Wednesday, August 22, 2018

Steve Hockensmith, The Crack in the Lens: A Holmes on the Range Mystery

Steve Hockensmith, The Crack in the Lens: A Holmes on the Range Mystery
© 2009 Steve Hockensmith
Minotaur Books 2009
ISBN   978-0312379421
Also available as an ebook.

Looking through my library of ebooks, I realized I had not kept up with the adventures of the Amlingmeyer brothers, Gustav (Old Red) and Otto (Big Red), and decided it was time to see what they were up to.  And, apparently, they were about to be lynched.  That’s how The Crack in the Lens begins.

The Amlingmeyers are a pair of somewhat down-at-the-heels cowboys; Gustav is a devotee of the Sherlock Holmes stories (which Otto has to read to him), and Otto is an aspiring writer of detective fiction (although his tales are based on their own adventures, and on Gustav’s use of Holmesian techniques.  They are in the town of San Marcos, Texas, at Gustav’s insistence—he wants to discover the truth about the death of Adeline, the women he loved (and lost) five years earlier.  But things have changed in San Marcos, if only (to some extent) superficially.  Five years earlier, in 1888, it was a wide open cattle town, complete with saloons and prostitutes and all the accompanying features of a cattle town.  Now, there’s a church (or several), and all the bawdy houses have been moved out into the county (even if just barely).  There’s even a wallpaper store (and, yes, this maters).

Old Red’s search for information about Adeline does not go well, and the owners of the place she worked (who now own the just-across-the-line bawdy house) are not pleased to see either of the boys.  In fact, it becomes very dangerous.  In their search, they encounter the Kreigers (Mr. Kreiger is the only photographer in town, with something of a specialization in death portraits); Milford Bales, formerly a barber, now the town Marshall; Sheriff Ike Rucker (the law then, now the law outside town); Horace Cuff (editor and publisher of the local newspaper, and transplanted Brit); Brother Landrigan (the local hellfire and-brimstone preacher); and assorted cowboys, goat ranchers, thugs, and fallen women.  Oh—Otto learns that his first book has actually been published!
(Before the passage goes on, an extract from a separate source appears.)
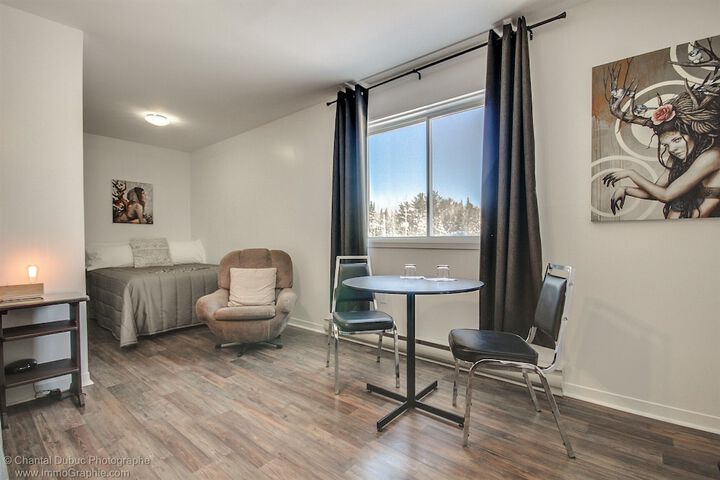 Room 17 of 31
Despite a rather broad overlay of humor, this is a fairly dark book, and there’s a good deal of violence and death before we reach the finale.  The story moves quickly, though, and the ending is logical (which, given Gustav’s veneration for Holmes, is just as well) and generally satisfactory.  If you have not made the acquaintance of the Amlingmeyers, I encourage you to do so (although starting at the beginning might be best, the books stand quite well on their own).  Next up in the series is World’s Greatest Sleuth!; there are also a number of short stories that I still need to find—and will be looking for.